Zircon Device Model

Introduction

In Zircon, device drivers are implemented as ELF shared libraries (DSOs) which are loaded into Device Host (devhost) processes. The Device Manager (devmgr) process, contains the Device Coordinator which keeps track of drivers and devices, manages the discovery of drivers, the creation and direction of Device Host processes, and maintains the Device Filesystem (devfs), which is the mechanism through which userspace services and applications (constrained by their namespaces) gain access to devices.

The Device Coordinator views devices as part of a single unified tree. The branches (and sub-branches) of that tree consist of some number of devices within a Device Host process. The decision as to how to sub-divide the overall tree among Device Hosts is based on system policy for isolating drivers for security or stability reasons and colocating drivers for performance reasons.

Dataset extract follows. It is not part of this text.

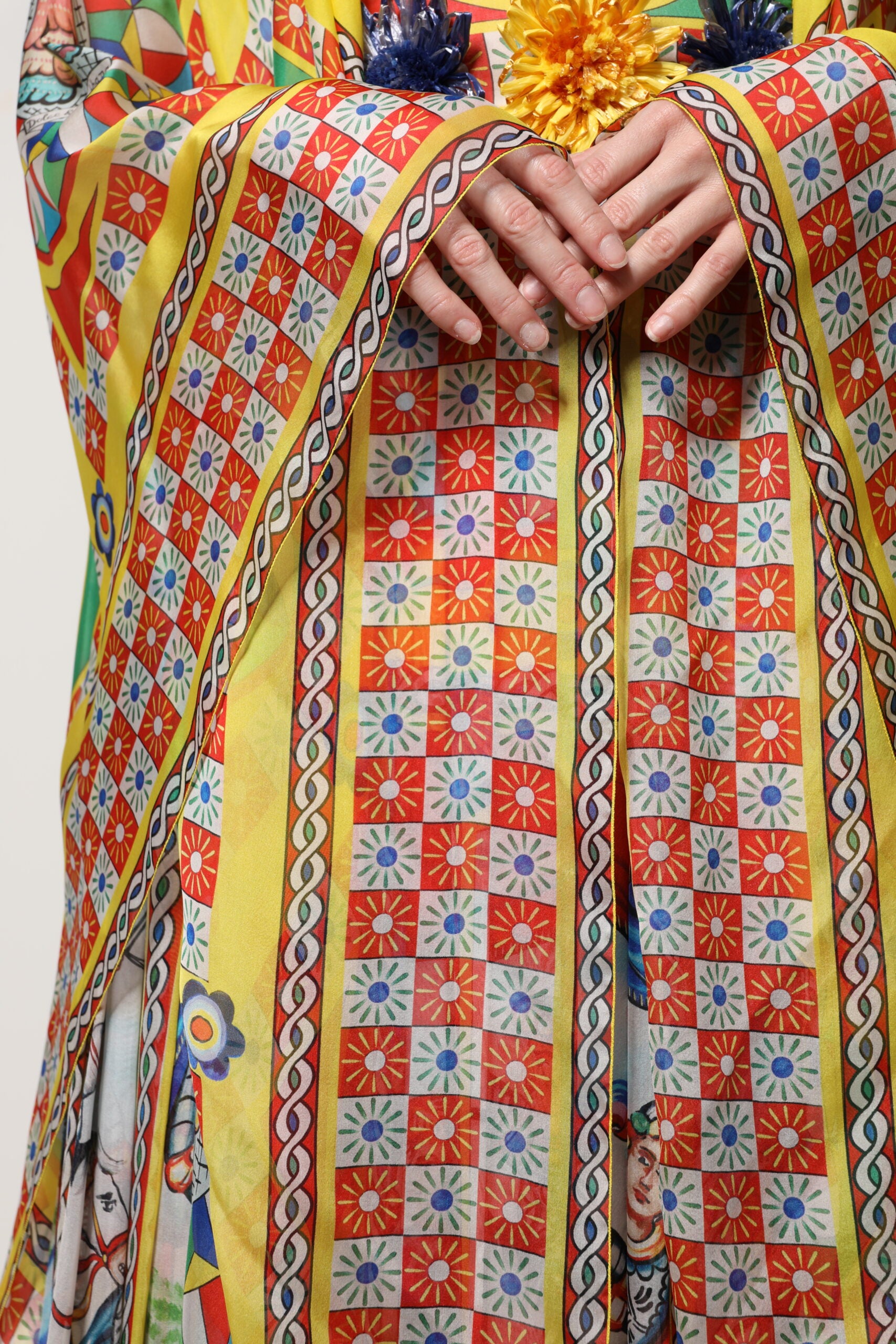 Dolce & Gabbana Mehrfarbiges Carretto Print Kaftan Twill Kleid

Devices, Drivers, and Device Hosts

Here's a (slightly trimmed for clarity) dump of the tree of devices in Zircon running on Qemu x86-64:

$ dm dump
[root]
   <root> pid=1509
      [null] pid=1509 /boot/driver/builtin.so
      [zero] pid=1509 /boot/driver/builtin.so
   [misc]
      <misc> pid=1645
         [console] pid=1645 /boot/driver/console.so
         [dmctl] pid=1645 /boot/driver/dmctl.so
         [ptmx] pid=1645 /boot/driver/pty.so
         [i8042-keyboard] pid=1645 /boot/driver/pc-ps2.so
            [hid-device-001] pid=1645 /boot/driver/hid.so
         [i8042-mouse] pid=1645 /boot/driver/pc-ps2.so
            [hid-device-002] pid=1645 /boot/driver/hid.so
   [sys]
      <sys> pid=1416 /boot/driver/bus-acpi.so
         [acpi] pid=1416 /boot/driver/bus-acpi.so
         [pci] pid=1416 /boot/driver/bus-acpi.so
            [00:00:00] pid=1416 /boot/driver/bus-pci.so
            [00:01:00] pid=1416 /boot/driver/bus-pci.so
               <00:01:00> pid=2015 /boot/driver/bus-pci.proxy.so
                  [bochs_vbe] pid=2015 /boot/driver/bochs-vbe.so
                     [framebuffer] pid=2015 /boot/driver/framebuffer.so
            [00:02:00] pid=1416 /boot/driver/bus-pci.so
               <00:02:00> pid=2052 /boot/driver/bus-pci.proxy.so
                  [intel-ethernet] pid=2052 /boot/driver/intel-ethernet.so
                     [ethernet] pid=2052 /boot/driver/ethernet.so
            [00:1f:00] pid=1416 /boot/driver/bus-pci.so
            [00:1f:02] pid=1416 /boot/driver/bus-pci.so
               <00:1f:02> pid=2156 /boot/driver/bus-pci.proxy.so
                  [ahci] pid=2156 /boot/driver/ahci.so
            [00:1f:03] pid=1416 /boot/driver/bus-pci.so

The names in square brackets are devices. The names in angle brackets are proxy devices, which are instantiated in the "lower" devhost, when process isolation is being provided. The pid= field indicates the process object id of the devhost process that device is contained within. The path indicates which driver implements that device.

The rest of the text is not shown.